Aprovechamos a dormir lo que podemos, desayunamos en el lugar concertado por el tour y tras cuatro horas de viaje llegamos a donde empezaremos la visita. El grupo es heterogéneo, con gente de diferentes países y estados de forma. Así que nos apresuramos para dejar claro que no necesitamos palos (los necesitan ellos para identificarnos como miembro del grupo), que nosotros iremos por nuestra cuenta y que nos comprometemos a estar a la hora que nos indiquen.

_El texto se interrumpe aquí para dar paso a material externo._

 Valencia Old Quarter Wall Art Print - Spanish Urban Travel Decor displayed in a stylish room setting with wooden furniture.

Dicho y hecho... en cuanto tenemos la oportunidad abandonamos la manada y comenzamos el ascenso hasta la Montaña de Colores (o más bien la que hay frente a ella). El mal de altura se hace presente, nos habíamos desacostumbrado estos días previos. Pablo va más perjudicado por no poder respirar correctamente, pero ahí está dándolo todo... incluso gruñéndome un poco por verse limitado. A mí también me cuesta, pero parece que consigo ir algo más liviano.
En su momento teníamos nuestras dudas de visitar este lugar o no... porque eso de que una montaña presente vivos colores pensábamos que podía haber sido adulterado vía Photoshop. Sin embargo, nos llevamos una grata sorpresa: los colores están bien definidos, son variados y la subida, con todo su esfuerzo, merece la pena. Además, no es sólo la Montaña de Colores en sí, sino los colores de otros picos de la cordillera de los Andes, con sus cumbres nevadas y bases color arcilla.

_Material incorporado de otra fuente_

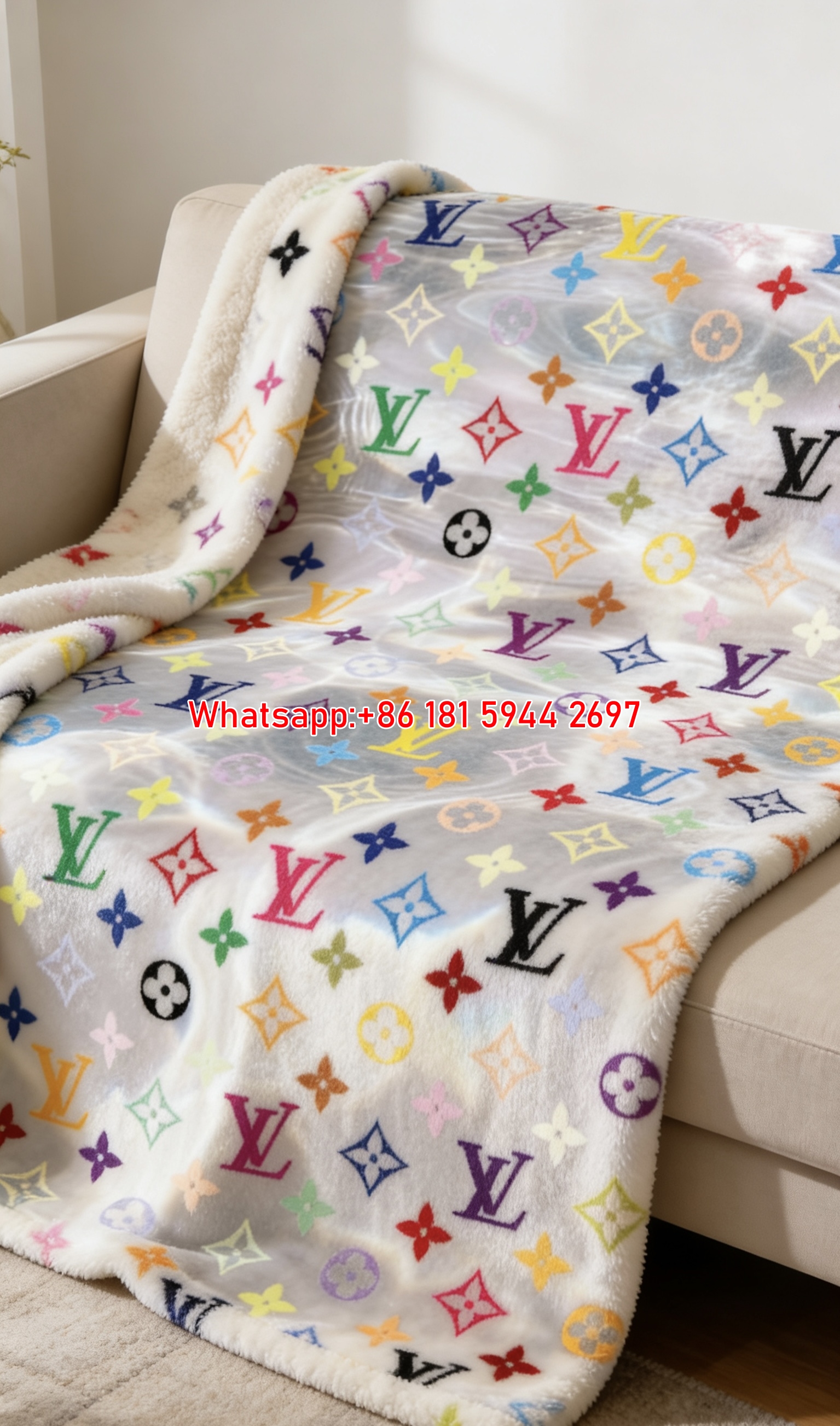LV-Inspired Watercolor Throw Blanket IMG_3168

Además del entorno, y a pesar de haber bastantes visitantes, algunas alpacas por aquí y por allá hacen que el lugar resulte muy divertido. A algunas les han puesto gafas de sol, lo cual no nos parece muy bien; pero también hay algunas que otras salvajes que, con su pelaje frondoso, estaría genial abrazar para coger un poco de calorcito.
Además de la Montaña de Colores se puede visitar, de forma opcional, el Valle Rojo, para el cual hay que pagar una entrada adicional. En la taquillas (una mesa plegable con dos señoras disfrazadas con el traje típico), nos piden 30 soles por cabeza; como habíamos oído que era menos y vemos que en el "boleto" no aparece el precio, nos rebelamos y decimos que sólo vamos a pagar 20 soles. Están un poco descolocadas, seguramente acostumbradas a que la gente acepte sus condiciones impuestas... incluso, ante el órdago que les marco de "o 20 soles o paso sin pagar", termino yéndome unos metros. Pablo actúa de poli bueno y finalmente terminamos pagamos los 30 soles, algo desmesurado y que no tiene ningún sentido.

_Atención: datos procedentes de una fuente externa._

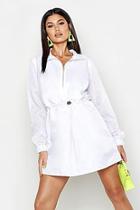 Boohoo White Zip Through Shellsuit Dress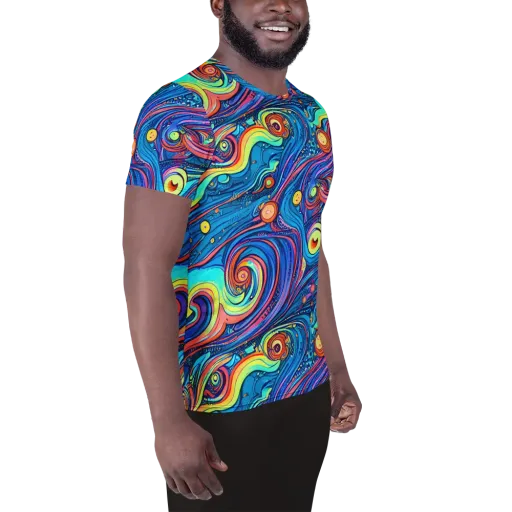Echoes of Vortex on a Men's Athletic T-Shirt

Olvidado el tema de la desfachatez de no hacer las cosas bien, disfrutamos de un valle que, efectivamente es de color rojo, debido a la oxidación del hierro. Las vistas desde lo alto son magníficas y compartimos impresiones con una pareja de madrileños y otra de cántabros. Es un paisaje muy bonito e imposible de ver en Europa, ya que después el guía nos dirá que tan sólo hay tres lugares así en el mundo: dos en Sudamérica y uno en China.
Va tocando deshacer el camino y retroceder por esos caminos locos por los que hemos circulado durante tantas horas durante estos días previos... y deseando "acogernos a sagrado" en la aseptividad que suelen tener los aeropuertos. El tour nos deja, haciéndonos el favor, en el aeropuerto Internacional de Cuzco, que resulta ser uno de los más pequeños que hemos visto. Con todos sus vuelos con destino a la capital, esperamos al nuestro medio dormidos en la puerta de embarque. Finalmente, con más de una hora de retraso, volamos y aterrizamos en Lima.
Sin saber de dónde salen las pocas fuerzas que tenemos, cogemos un Uber hasta el último hotel de nuestro viaje. Nos hemos reservado un pequeño lujo para el último día de viaje, un lugar donde reconciliar algunas penurias vividas con la comodidad de un hotel con estándares internacionales. Hoy dormiremos en un Hampton de la cadena Hilton. Poco después de la una y media de la mañana, caemos rendidos en una cama en la que hasta podemos elegir almohada. Paris y tu chihuahua... ¡nos habéis salvado!